Painting becomes therapy for Pratt woman

Jennifer Stultz
Pratt Tribune
Pratt artist Patrice Egging (right) shows her friend and neighbor Barb Harris some of her favorite acrylic paintings that she has made in the past several months. She picked up painting last October, working to live in the light rather than the darkness that was almost overwhelming after her daughter’s death just over 10 months ago in a car accident.

When Patrice Egging picked up a paint brush last October she knew she wanted to paint sunflowers, but she didn't know how, she just knew it was something she had to do.

"My daughter Mendi loved sunflowers, I wanted to do something to memorialize her, to help me remember the light she was in my life. I needed a way to push back the darkness," Egging said.

Mendi Egging Cotter was 30 years old when she was killed in a car accident on a foggy September morning on U.S. Highway 54/400 near Cheney last year.
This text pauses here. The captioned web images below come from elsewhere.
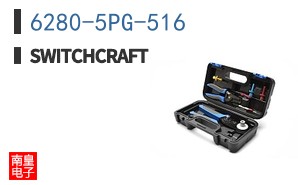 6280-5PG-516 ͼƬ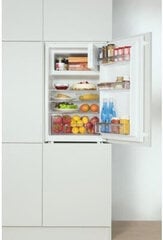 Külmik Amica BM 132.3 цена и информация | Холодильники | kaup24.ee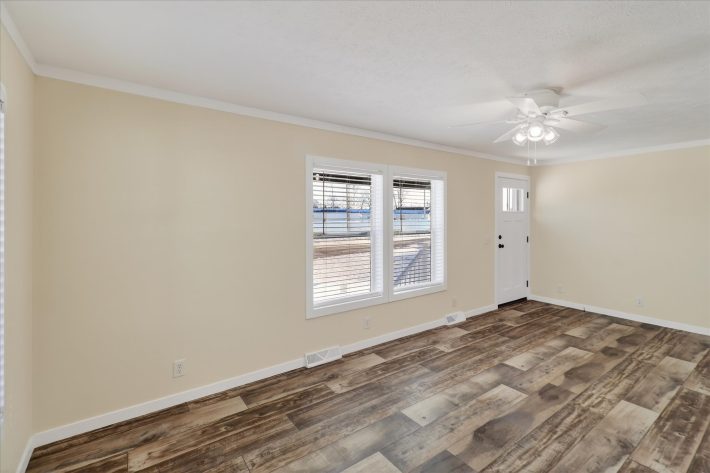 Bayshore Estates - Image 33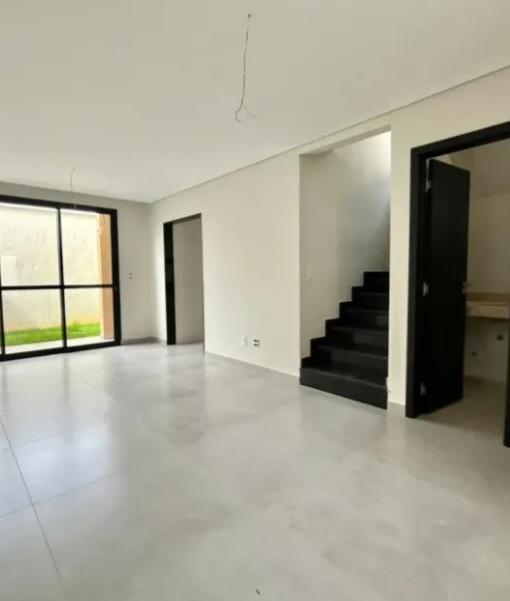 Casa, São Luiz (pampulha), 4 Quartos, 2 Vagas, 1 Suíte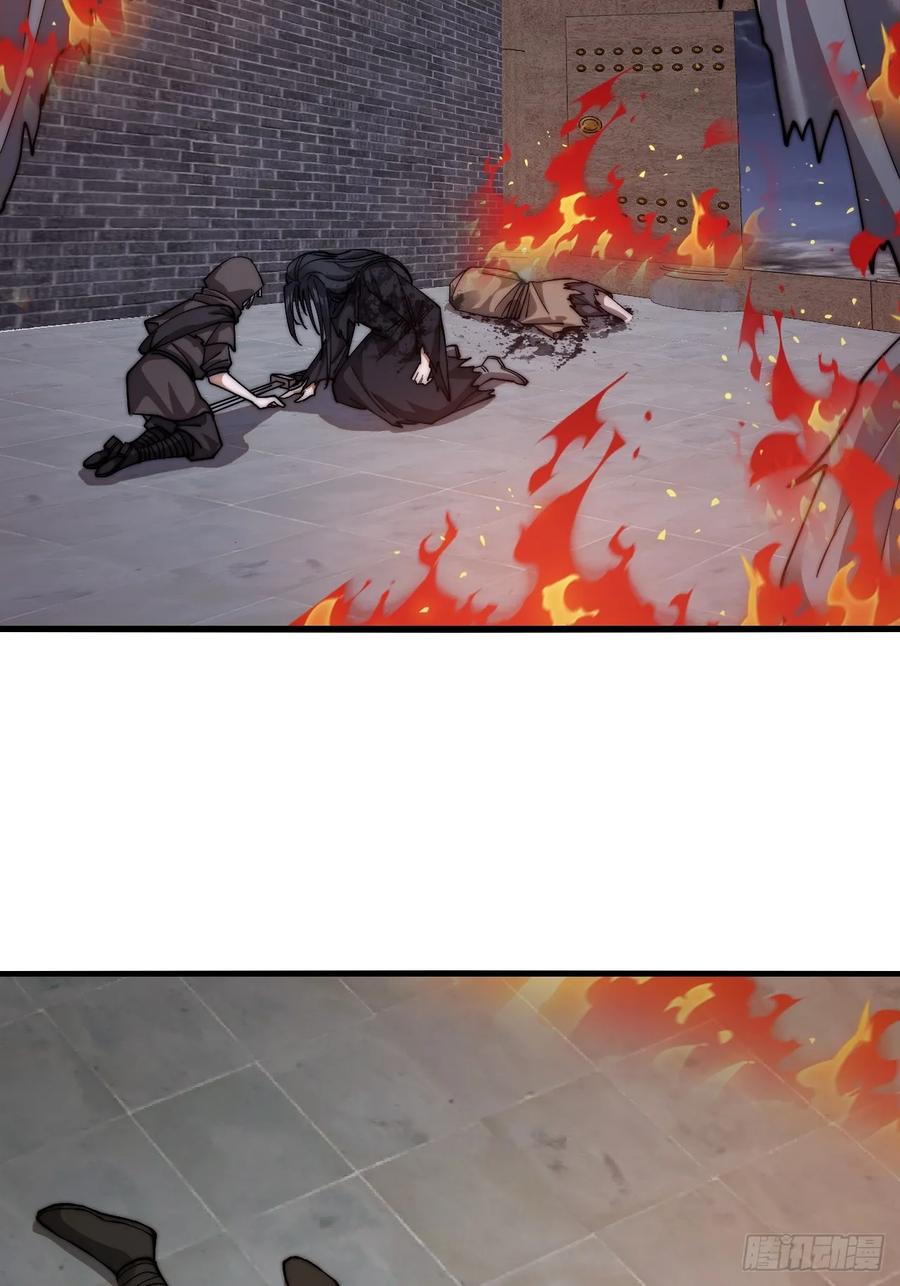 44.jpg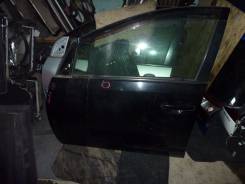 Дверь боковая. Toyota Prius, NHW20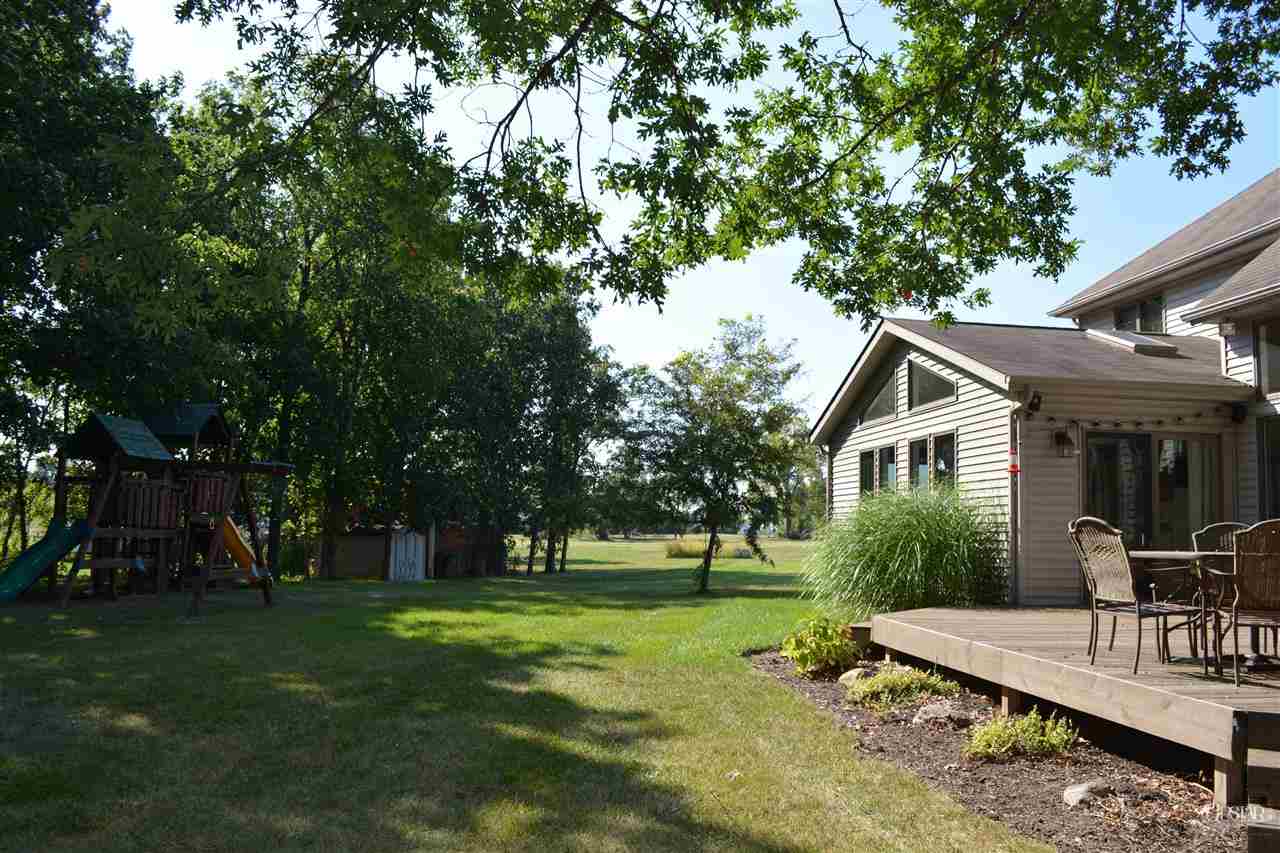 14730 Pulver Rd, Fort Wayne, IN 46845 photo 25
It was a devastating blow for her family members in Pratt and Wichita, especially her mother.

"I have quilted and sewed, played the piano to be creative in the past," Egging said. "But I had never really painted before, except maybe a long time ago in junior high. All of the sudden one day, I just knew I had to paint sunflowers in memory of Mendi, so I went to Hobby Lobby and got some supplies. I didn't even really know what I was looking for, but I just picked up a paintbrush and got started."

For the past 10 months, Egging has painted almost every day, branching off from sunflowers in a variety of settings and sizes, to abstract scenery, all shapes and sizes of flowers, trees and landscapes.

"I like to do things in nature," Egging said. "It makes me happy to just start putting paint on a canvass. Sometimes I have a plan in mind, but it never really turns out the way I think it will. The accidents turn out to be my best work yet."

Egging said she sometimes watches YouTube videos to pick up painting tips and ideas to try, but mostly her work is a result of her own experimentation.

"I've found that the quality of paint really makes a difference," she said. "I like the thicker, more expensive acrylics, they seem to dry brighter."

On July 5, Egging decided to have a pop-up painting sale on her front porch north of Pratt. She pulled more than 80 paintings she has done out and filed them in boxes, setting some up for a display outside, hoping to sell a few to earn some more paint money. She said she has painted more than 100 pictures since her start in October 2019.

"I'm running out of places to put them," she said. "I have several sunflower paintings grouped in several spots in my house, in memory of Mendi, but I am running out of room for all the others and I really do want to make a bit of money so I can buy more canvas and paint to keep on going. Painting has become therapy for me. I need to do this."

Egging said the pop-up sale was the first time she had offered any paintings for sale, though she has made others as gifts for friends and family, and even donated one to a local family who recently lost everything in a house fire. But now that she is getting a bit braver about starting each picture, she decided it was time to let some go.

"I guess I'm painting my grief out. It's still there, but little by little I can let it go when I'm painting. I would like to keep all of these, but I have to sell some to make room," Egging said.

Egging plans to take part in the upcoming Vernon Filley Art Museum-sponsored community art show in August. She is considering which paintings she might show, or even offer for sale there, all the while letting go, little by little, and finding beauty in light, colors, sunflowers, and memories of Mendi.